Buradaki en önemli unsur, 50 saatte sertifika dağıtılan dedektiflik işinin Türkiye’de yasal zemininin bulunmaması...
Özel güvenlikçi Bülent Perut o yüzden “Bu dersleri yapmaya kalkan ve yaptıranların ilerde işlenebilecek bir suça zemin hazırladıklarını” söylüyor. Verilen sertifikaların derhal geri istenmesini, kursiyerlerin parasının iade edilmesini, devletin de bir daha böyle kurslara izin vermemesini istiyor ve diyor ki: “Sadece maceraperest olmalarından yola çıkarak insanları ‘Siz artık dedektif oldunuz’ diye sertifikalandırarak serseri mayın gibi sokağa salmak, hiçbir insan evladına yakışmamaktadır.” 


DEDEKTİFLERİN CEVABI
“Kanun peşindeyiz”


Tüm Özel Güvenlik Dernekleri Federasyonu’nun sitesinde yayımlanan eleştiriye Özel Dedektiflik Derneği’nin cevabı gecikmedi.

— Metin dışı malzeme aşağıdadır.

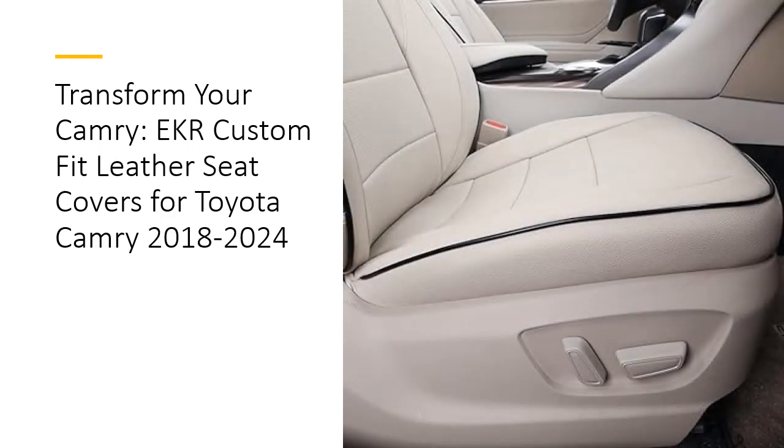Premium Quality and Durability. EKR Seat Covers are crafted from soft-touch synthetic leather, known for its breathability and durability. The four-layer construction includes thick foam padding for exceptional comfort, designed to withstand daily wear and tear. These covers protect against spills, stains, pet fur, and dirt, ensuring your seats stay in pristine condition. The high-quality stitching and materials promise longevity, outlasting many other brands.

Derneğin Başkanı Yusuf Vehbi Dalda, 23 Nisan 2009 tarihli açıklamasında eleştirilerin içeriğine girmiyor, ancak yasa arayışı üzerinde duruyor. 1994’te Meclis’in bir “Özel Dedektiflik Kanunu” çıkardığını, ancak bunun veto edildiğini hatırlatıyor. 2007 seçimleri sonrası Hükümet tarafından programa alınan Dedektiflik Yasa Taslağı’nın halen Meclis İçişleri Komisyonu’nda olduğunu söylüyor. “Yasanın çıkması için çalışmalarımız sürüyor. Başbakan’a da bir bilgi notu takdim ettik” diyor.
Dedektiflerle “kardeş kuruluş olması gereken ve aynı çatı altında bir araya gelebilecek olan özel güvenlikçilerin, yapılan ciddi bir işle alay etmemesi beklenirdi” diye de ekliyor.